- **Listed records**:
══════════

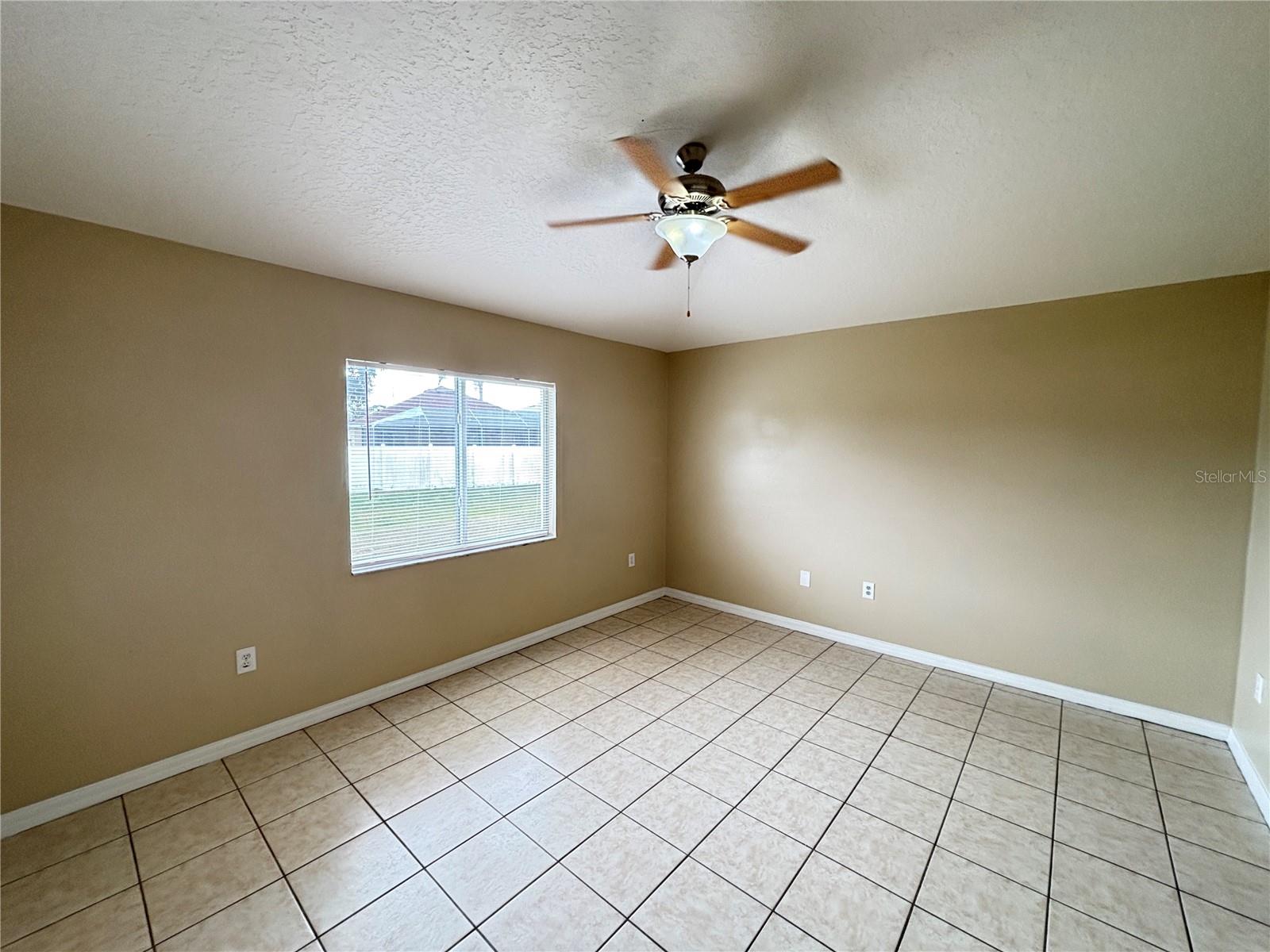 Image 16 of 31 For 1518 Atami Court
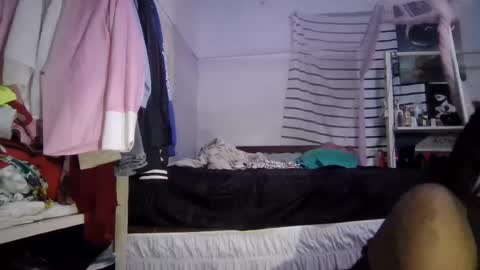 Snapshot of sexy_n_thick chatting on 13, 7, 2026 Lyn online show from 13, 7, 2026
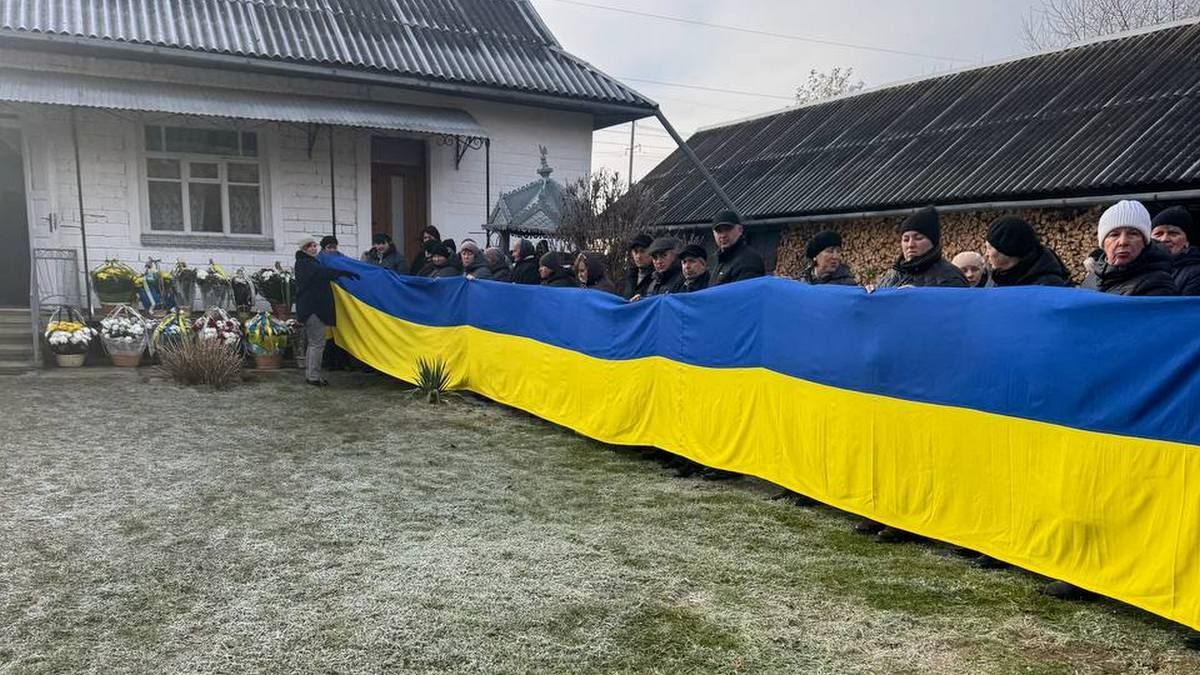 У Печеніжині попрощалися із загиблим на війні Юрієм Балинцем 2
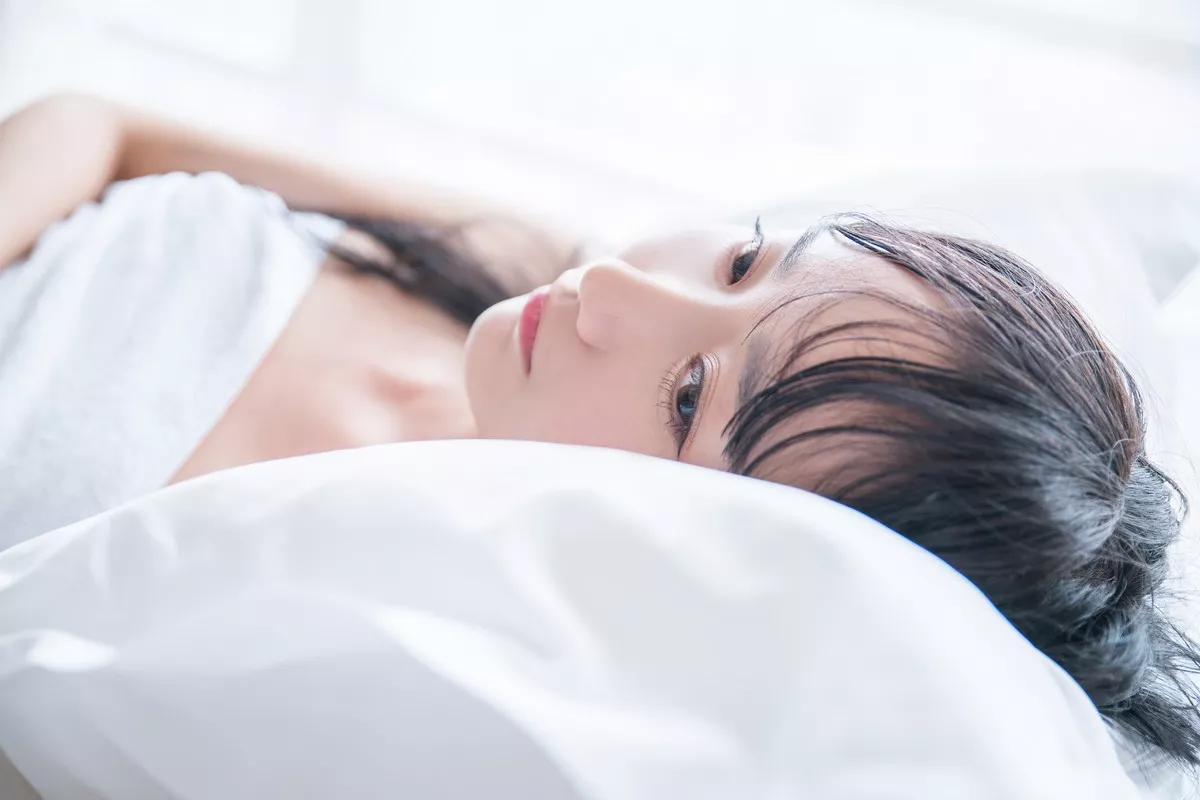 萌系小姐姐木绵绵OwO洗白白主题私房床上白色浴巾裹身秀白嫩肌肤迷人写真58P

══════════

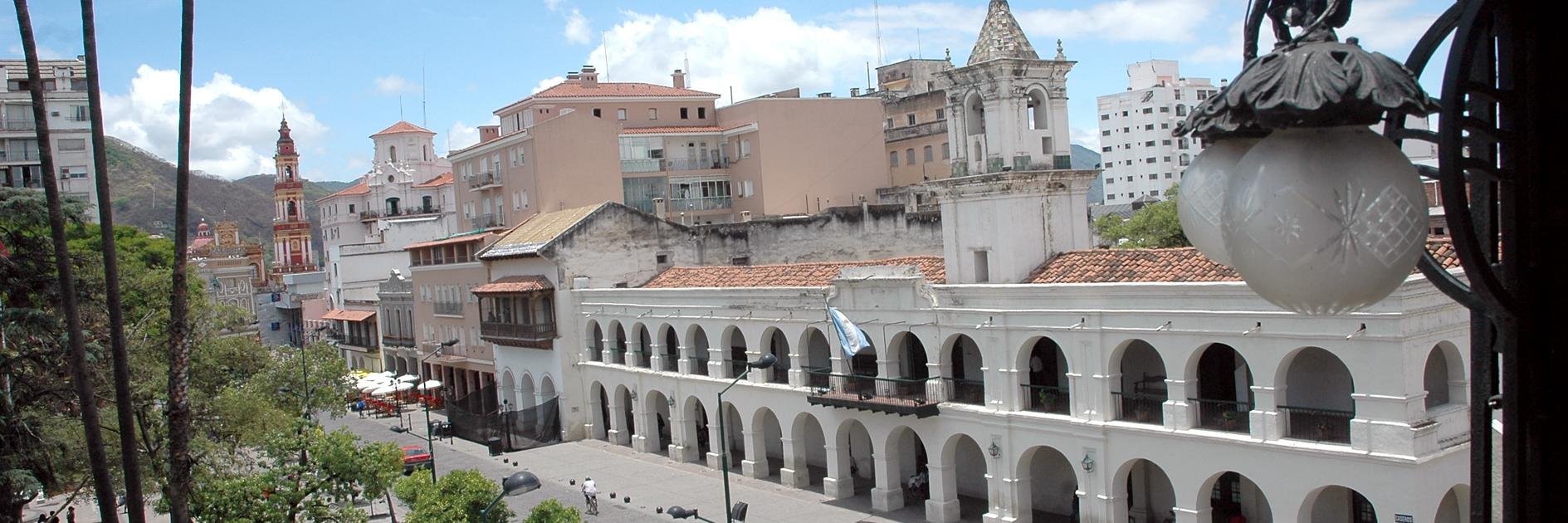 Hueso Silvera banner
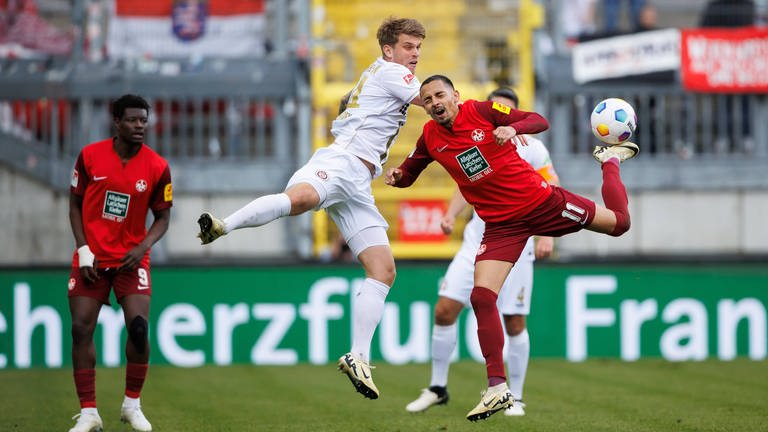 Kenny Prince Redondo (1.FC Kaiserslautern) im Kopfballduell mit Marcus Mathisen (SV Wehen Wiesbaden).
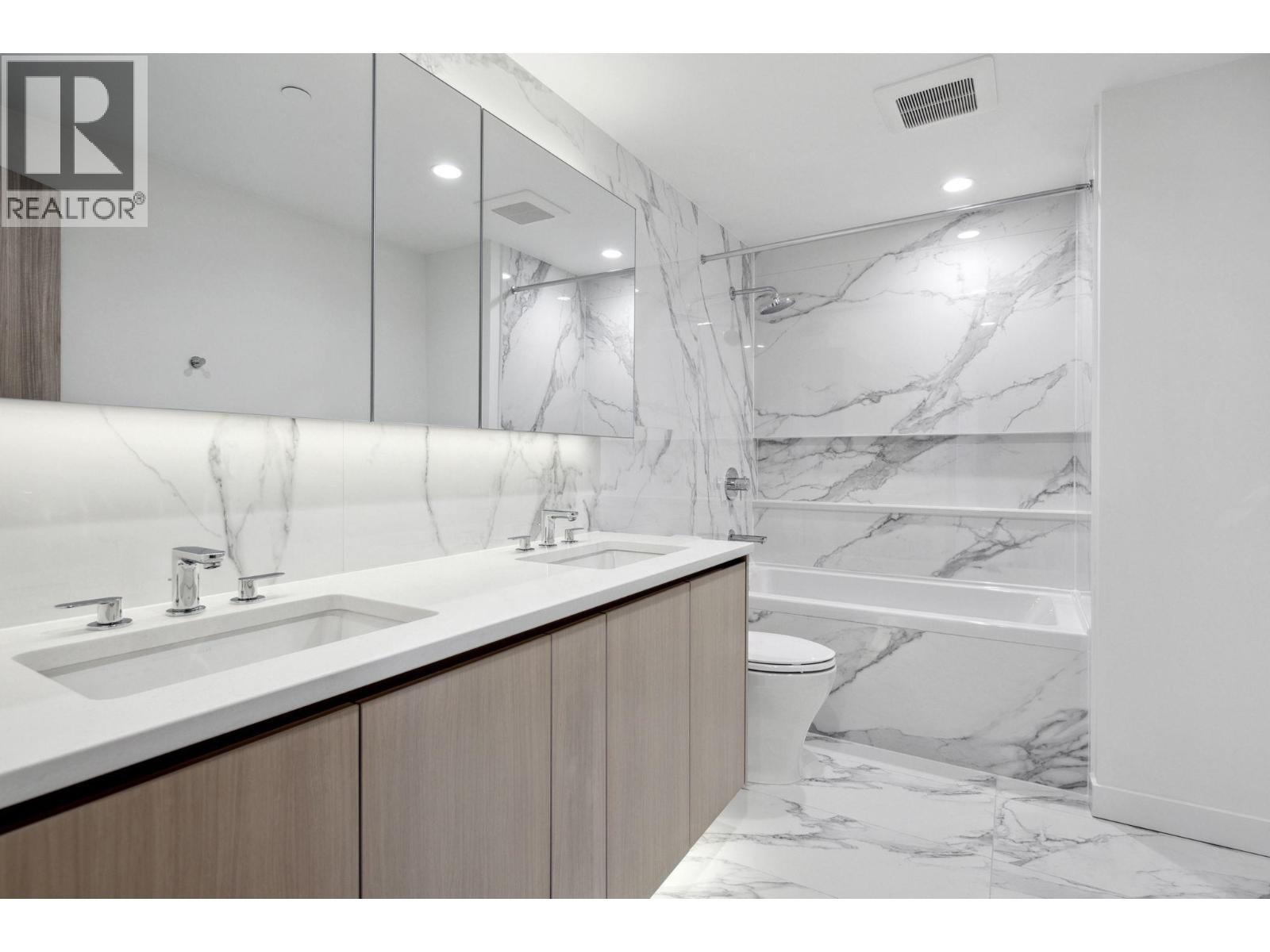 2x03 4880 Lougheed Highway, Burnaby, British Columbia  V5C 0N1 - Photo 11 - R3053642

══════════

- **The task**: Write out exactly the run of lines above that starts at the line containing "Snapshot of sexy_n_thick" and ends at the line containing "萌系小姐姐木绵绵OwO洗白白主题私房床上白色浴巾裹身秀白嫩肌肤迷人写真58P". Include both, and leave the pictures out.

- **Exercise solution**:
 Snapshot of sexy_n_thick chatting on 13, 7, 2026 Lyn online show from 13, 7, 2026
 У Печеніжині попрощалися із загиблим на війні Юрієм Балинцем 2
 萌系小姐姐木绵绵OwO洗白白主题私房床上白色浴巾裹身秀白嫩肌肤迷人写真58P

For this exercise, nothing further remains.